It reminded us of why we bothered with all these recalcitrant animals and wonky crops in the first place. And we very much liked the poems the children sent us afterwards, and have kept the one beginning:
"It was good to see close to me a big suffolk punch which had just had his lunch."
My husband, Paul, had a particular routine of harnessing up the working horses. He would get the smallest child to step inside the horse collar, to prove how huge it was. Then the two strongest were invited to try and lift it up, which dented any machismo they might have been suffering from.
Having established that the horse was enormous and very, very strong, he led the creature out, to general ooohs and aaahs, and finished the harnessing. All the kit, old and polished with decades of use, was handled by the children. The solid, leather and brass reality of it entranced them, even the big scornful ones.
The lambs were always good value, too, since lambs behave in a way thoroughly approved of by schoolchildren: leaping up on hay bales, running around in circles, butting their mothers, twirling their tails and staring fixedly at strangers. Cows are slightly less popular, because the closer you get (especially if you are small) the more worryingly angular they are.
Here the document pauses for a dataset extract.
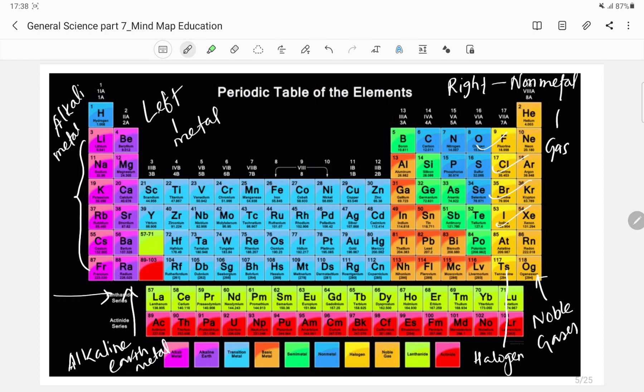The halogens — fluorine, chlorine, bromine, iodine — are present in group 17 of the periodic table. These are the halogen elements.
Calves are better. But the star turn was the piglets. Ours were shiny, black and wriggly, and swarmed over the comatose sow like storm-troopers until she lost her temper, lumbered to her feet and swatted them away with her long nose until they went flying through the air, squeaking. We would point out that pigs, too, have a national curriculum, and that when she could be bothered the sow would supervise them in rooting-lessons, swatting any idle piglet which was failing to turn over its quota of earth with its little snout. We took a large piglet into the village school once, probably in defiance of all health and safety regulations, and let it career around in a pen made of desks laid on their sides, while Years 1 to 3 drew it and wrote odes to it.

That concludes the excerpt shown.